Also, the automatic installation of signal handling is a good thing.

Q1: Default completion token for other Boost libraries
================================================================

I guess it will be a very common thing for all apps using Boost.Async
to have to change the default completion token to use_op or use_task.
Like you do in the examples

> using tcp_acceptor = async::use_op_t::as_default_on_t<tcp::acceptor>;
> using tcp_socket = async::use_op_t::as_default_on_t<tcp::socket>;

Could this be provided automatically, at least for other Boost
libraries? I know this would be a lot of work, but it would make user
code less verbose and users would not have to face the token concept
at first.

Q2: Lazy vs Eager
================================================================

> It’s an eager coroutine and recommended as the default;

Great, we can experiment with eagerness and laziness. But why is an
eager coroutine recommended as default?

Q3: async_ready looks great
================================================================

> We can however implement our own ops, that can also utilize the
> async_ready optimization. To leverage this coroutine feature, async
> provides an easy way to create a skipable operation:

I think I have a use case for this feature: My first implementation of
the RESP3 parser for Boost.Redis was based on Asio's async_read_until,
which like every Asio async function, calls completion as if by post.
The cost of this design is however high in situations where the next
\r\n delimiter is already in the buffer when async_read_until is
called again. The resulting rescheduling with post is actually
unnecessary and greatly impacts performance, being able to skip the
post has performance benefits. But what does *an easy way to create a
skipable operation* actually mean? Does it

- avoid a suspension point?
- avoid a post?
- act like a regular function call?

Q4: Synchronization primitives
================================================================

Will this library ever add synchronization primitives like async
mutexes, condition variables, barriers etc. Or are they supposed to be
used from an external library like proposed Boost.Sem.

Q5: Boost.Async vs Boost.Asio
================================================================

I use C++20 coroutines whenever I can but know very little about their
implementation. They just seem to work in Asio and look very flexible
with use_awaitable, deferred, use_promise and use_coro. What advantage
will Boost.Async bring over using plain Asio in regards to coroutine?

NOTE1
================================================================

> Please state your experience with C++ coroutines and ASIO in your
> review, and how many hours you spent on the review.

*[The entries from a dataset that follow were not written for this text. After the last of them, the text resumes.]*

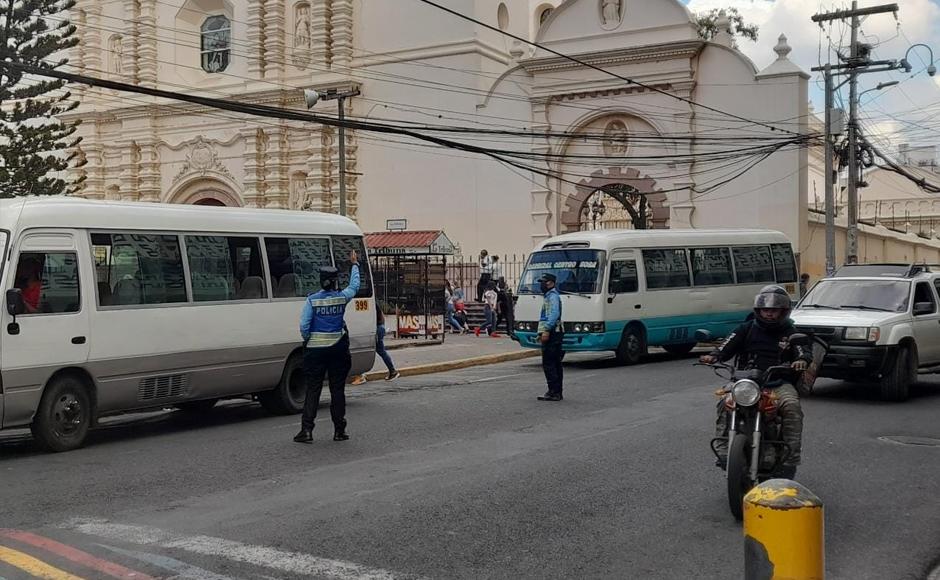 Tránsito afina medidas de orden vial durante la toma de posesión
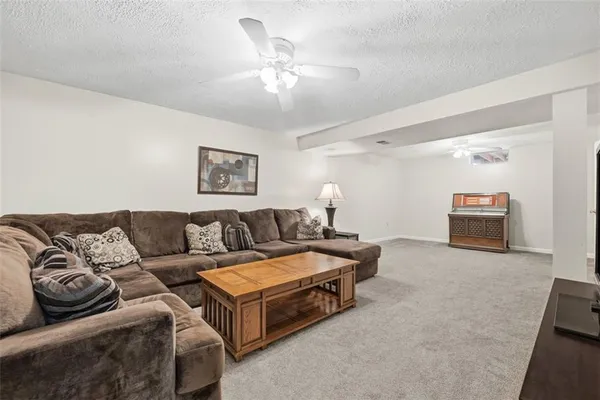 $619,900 | 420 Timberlake Drive, Venetia, PA 15367
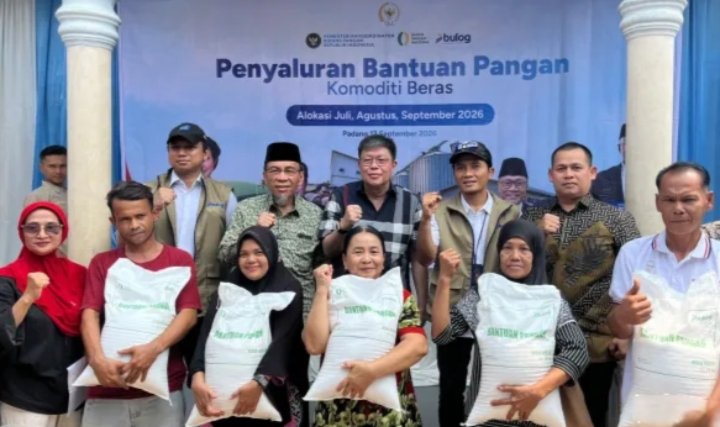 BULOG Sumbar Bersama Wakil Ketua Komisi lV DPR RI Salurkan Bantuan Pangan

I have spent a bit more than a day reading the docs, writing the
review and integrating Boost.Redis.

My experience with C++20 coroutines is limited to using them with Asio.

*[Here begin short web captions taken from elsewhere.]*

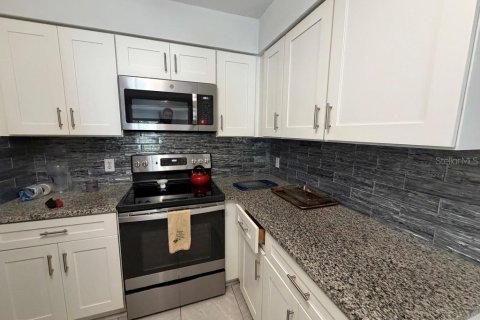 Villa ou maison à louer à Orlando, Floride: 3 chambres, 217.02 m2 № 2119153 - photo 3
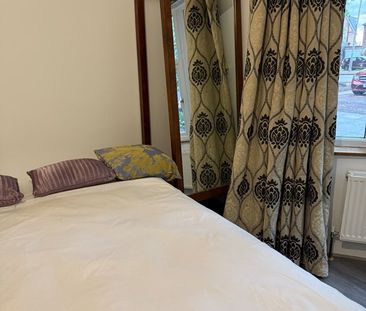 1 Bed Flat, Welford Road, LE2 - Photo 2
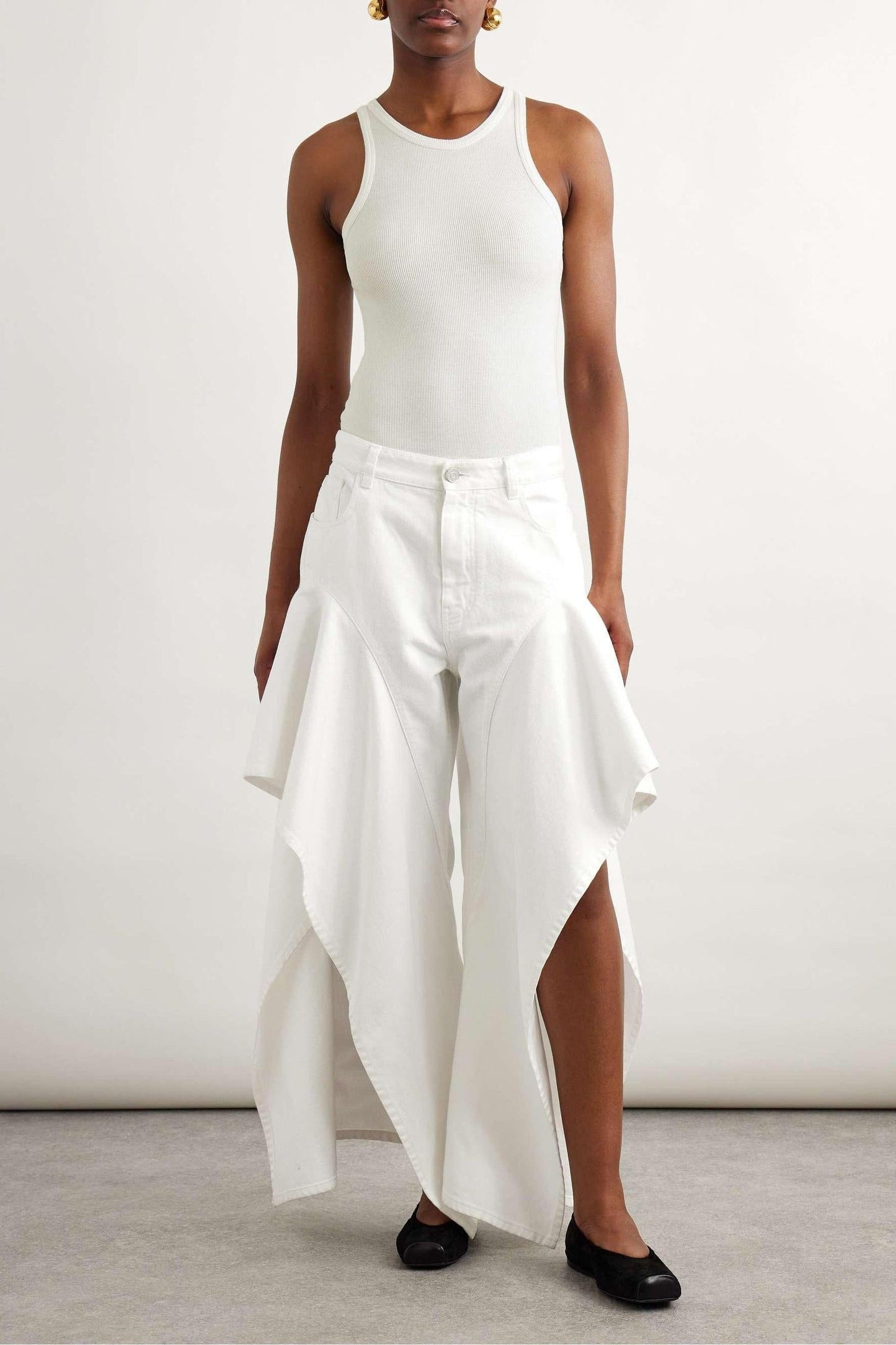 Vaqueros de tiro medio y pierna ancha con volantes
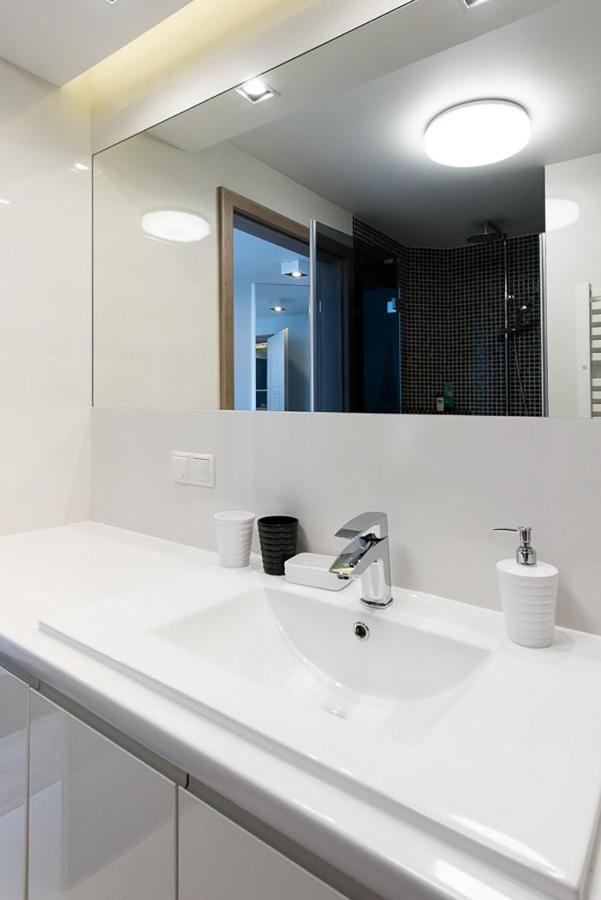 Cozy And Large 62 M2 Apartment With Air Conditioning, Old Town Krakow Exterior photo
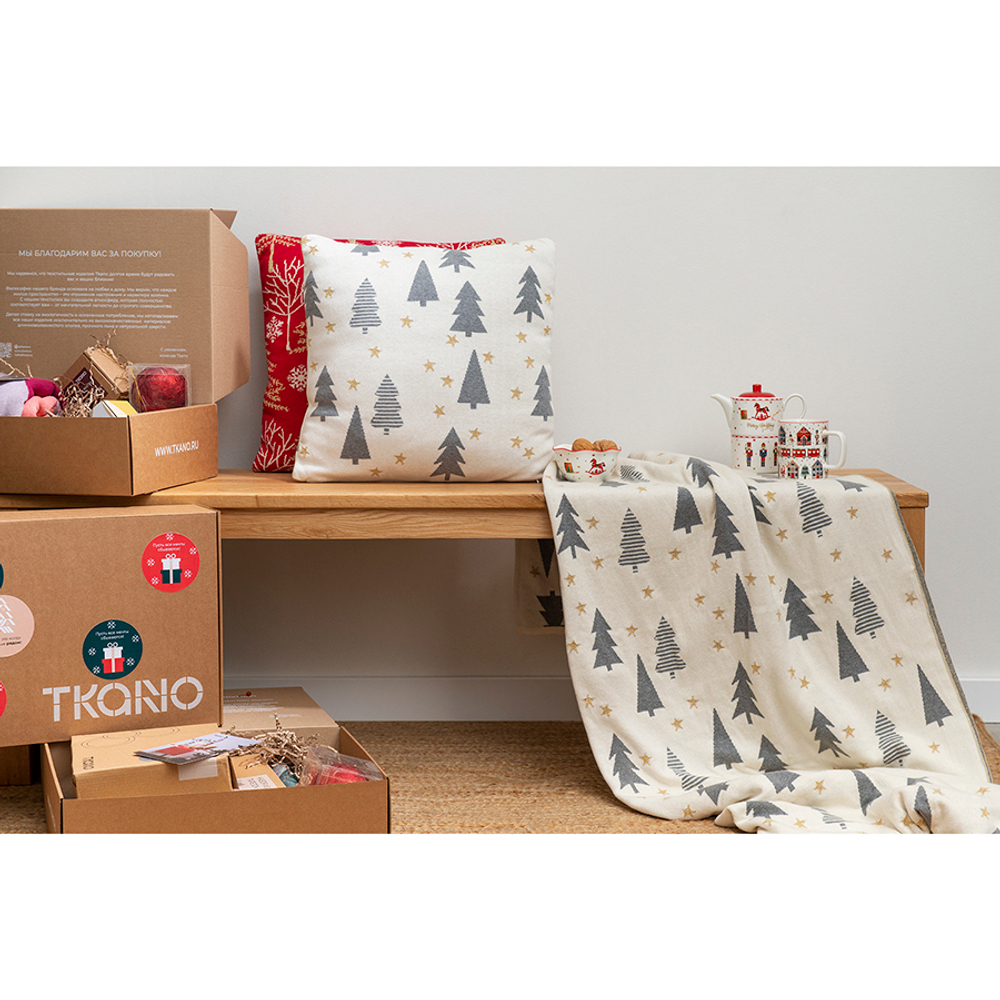 Плед из хлопка с новогодним рисунком magic forest из коллекции new year essential, 130х180 см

I would also like to thank Klemens for submitting Boost.Async and
Niall for offering to be its review manager.

Marcelo

_______________________________________________
Unsubscribe & other changes: http://lists.boost.org/mailman/listinfo.cgi/boost

Klemens Morgenstern via Boost

unread,

Aug 13, 2023, 4:49:47 AM8/13/23

to bo...@lists.boost.org, Klemens Morgenstern

On Sun, Aug 13, 2023 at 3:46 PM Marcelo Zimbres Silva via Boost
<bo...@lists.boost.org> wrote:
>
> Hi, this is my review of the proposed Boost.Async. Before I issue my
> final decision (ACCEPT/REJECT) I would like to ask the author some
> questions.

Thanks for the review and letting me address those questions first!

>
> Q1: Default completion token for other Boost libraries
> ================================================================
>
> I guess it will be a very common thing for all apps using Boost.Async
> to have to change the default completion token to use_op or use_task.
> Like you do in the examples
>
> > using tcp_acceptor = async::use_op_t::as_default_on_t<tcp::acceptor>;
> > using tcp_socket = async::use_op_t::as_default_on_t<tcp::socket>;
>
> Could this be provided automatically, at least for other Boost
> libraries? I know this would be a lot of work, but it would make user
> code less verbose and users would not have to face the token concept
> at first.

If could be, but I am also experimenting with how an async.io library
could look.
I.e. one that is async only (co_await stream.read()) and banished the
asio complexity
to the translations units. You can look at my experiments here
https://github.com/klemens-morgenstern/async/pull/8

>
> Q2: Lazy vs Eager
> ================================================================
>
> > It’s an eager coroutine and recommended as the default;
>
> Great, we can experiment with eagerness and laziness. But why is an
> eager coroutine recommended as default?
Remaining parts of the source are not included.